(Records from a data collection)
>>>>>

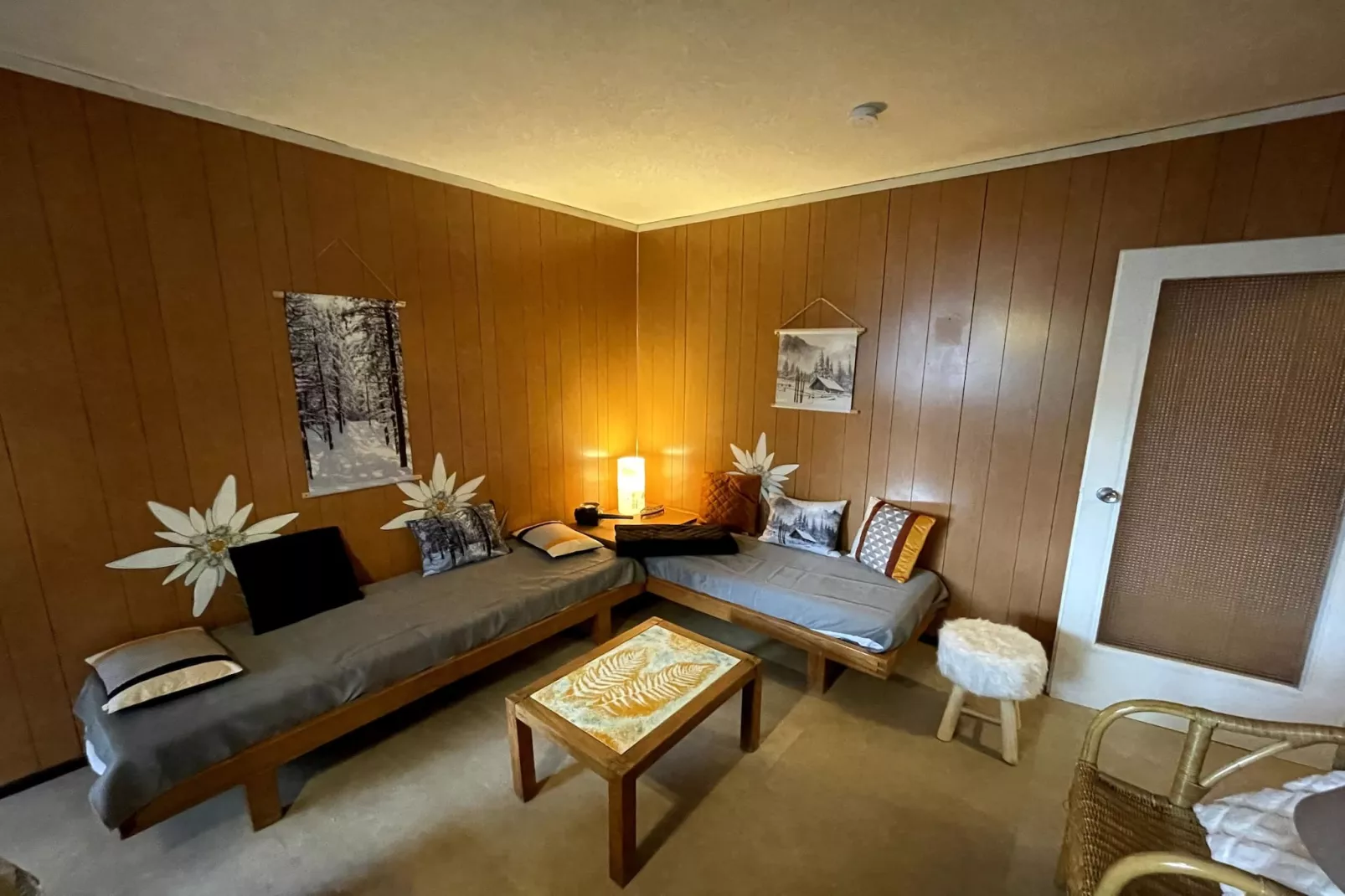 Le pradet C 480 - Le Mont Dore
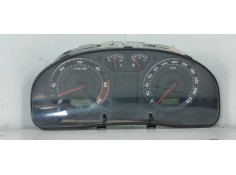 CUADRO INSTRUMENTOS 3U0920811A 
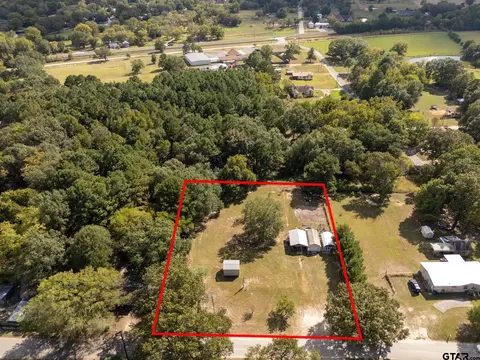 211 Barto St, Arp, TX 75750 photo 2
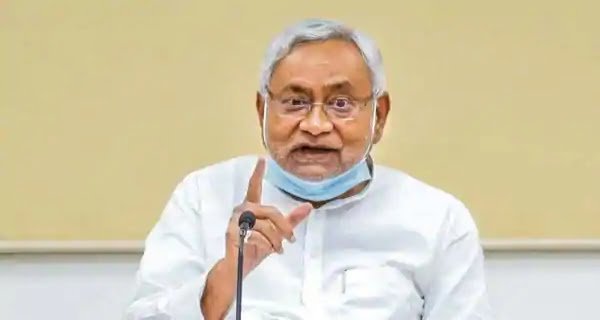 nitish kumar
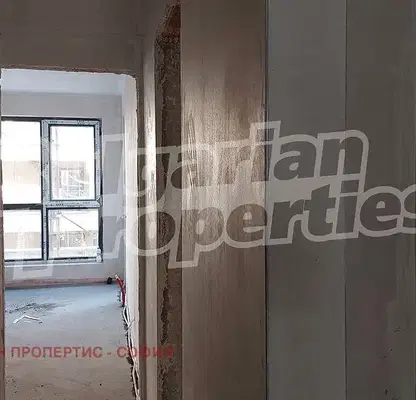 Снимка 5 — Многостаен апартамент в София, Център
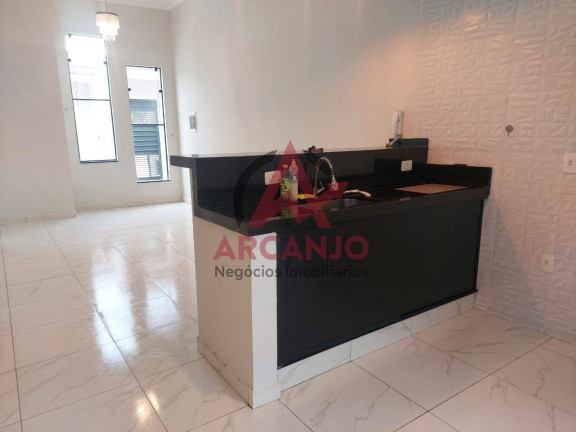 Imagem Casa com 2 Quartos à Venda, 140 m² em Condomínio Villa Verde Bragança - Bragança Paulista Imagem Casa com 2 Quartos à Venda, 140 m² em Condomínio Villa Verde Bragança - Bragança Paulista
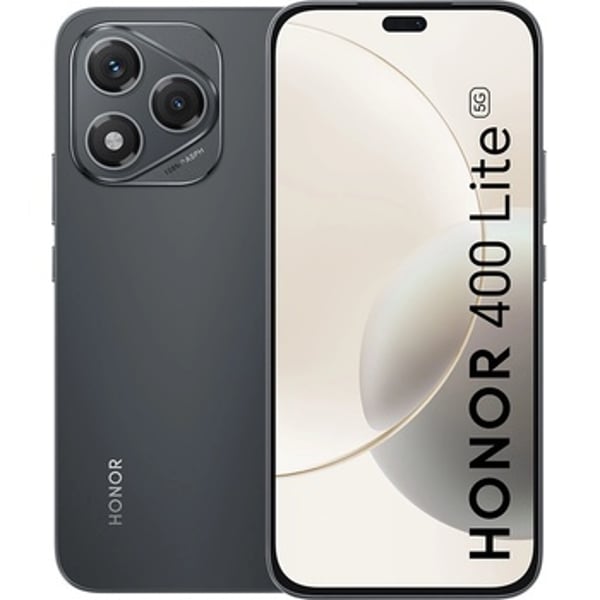 HONOR 400 Lite recenzie a test
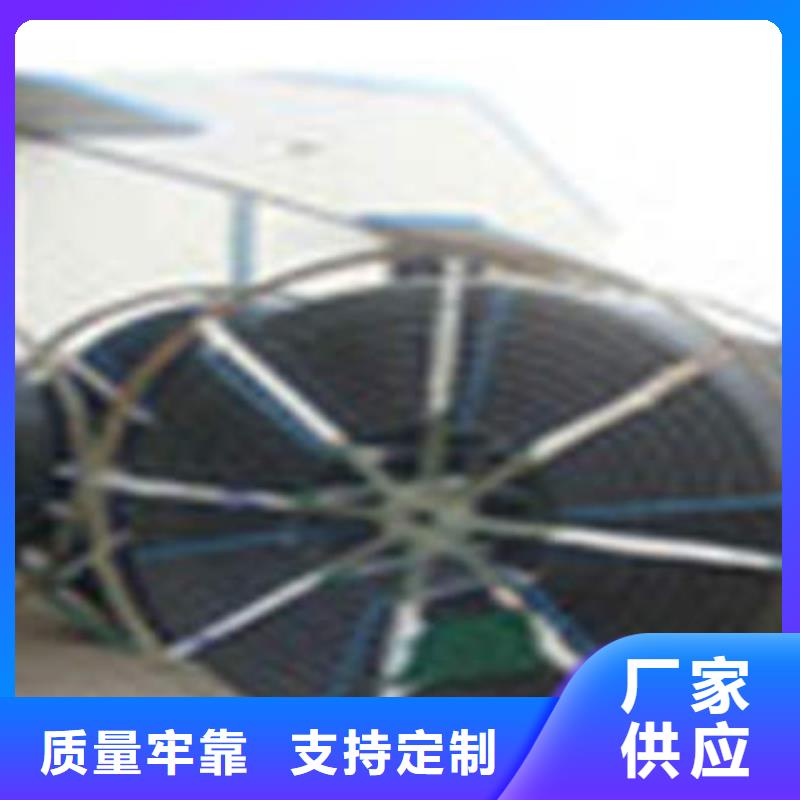 亮化工程PE硅芯管严格按标准检验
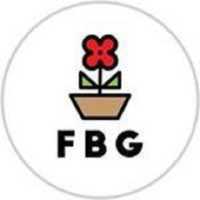 Flower Box Gardens Logo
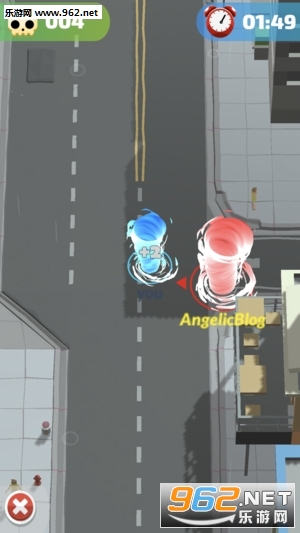 ����������Super Tornad.io��׿���ͼ0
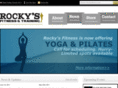 rockysfitness.com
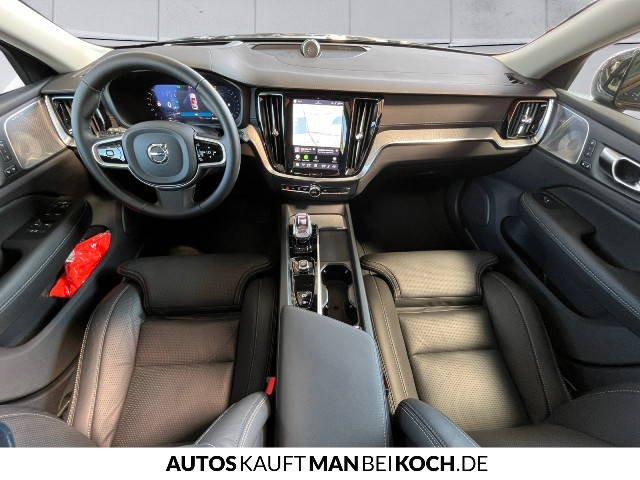 Volvo V60 – Bild 9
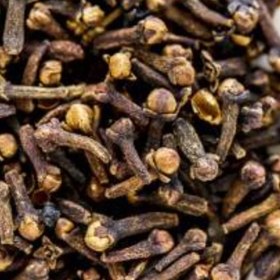 تصویر میخک ممتاز فدک (50گرم)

<<<<<

Although the records above contain pictures, the copy should not; retype exactly the lines from the one containing "Снимка 5 — Многостаен" through the one containing "HONOR 400 Lite recenzie a test".

#### TASK ANSWER:
 Снимка 5 — Многостаен апартамент в София, Център
 Imagem Casa com 2 Quartos à Venda, 140 m² em Condomínio Villa Verde Bragança - Bragança Paulista Imagem Casa com 2 Quartos à Venda, 140 m² em Condomínio Villa Verde Bragança - Bragança Paulista
 HONOR 400 Lite recenzie a test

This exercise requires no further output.